# [What you will do]
The listing is to be printed word for word, pictures omitted.

# [Information supplied]
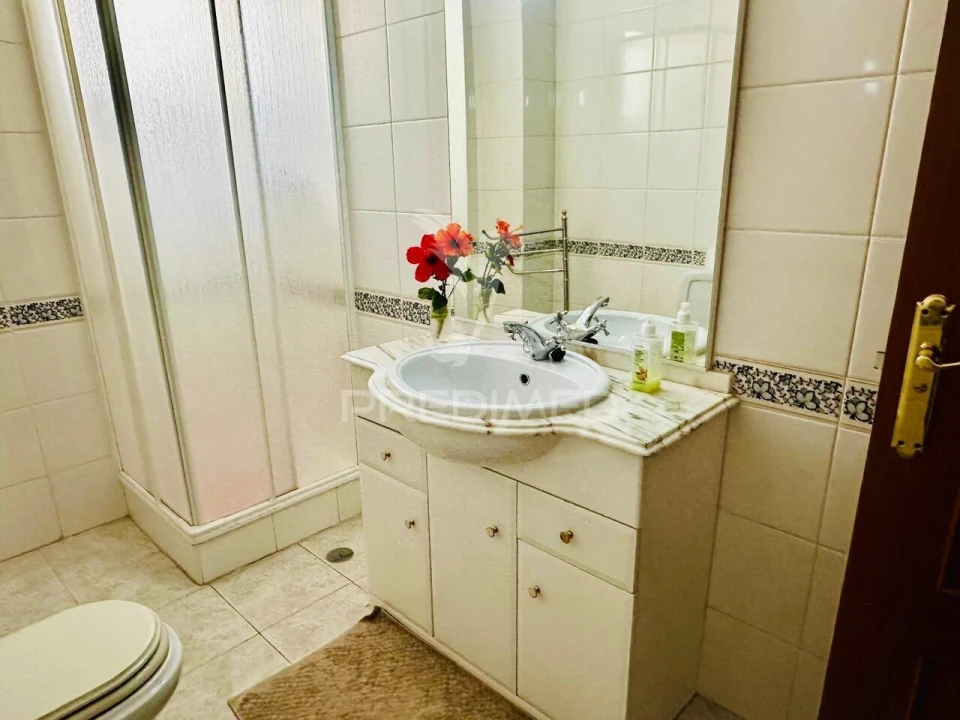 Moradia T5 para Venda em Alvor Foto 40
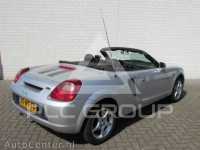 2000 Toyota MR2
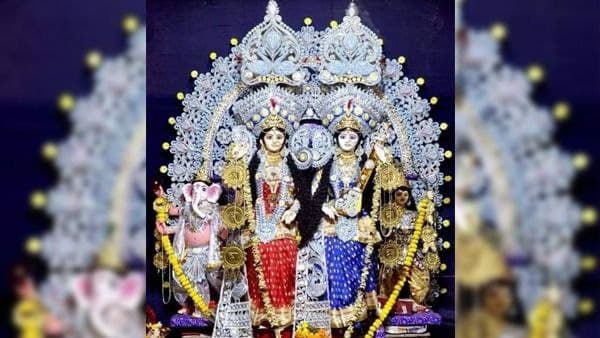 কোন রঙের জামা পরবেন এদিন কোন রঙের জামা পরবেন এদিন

# [Solution to this problem]
 Moradia T5 para Venda em Alvor Foto 40
 2000 Toyota MR2
 কোন রঙের জামা পরবেন এদিন কোন রঙের জামা পরবেন এদিন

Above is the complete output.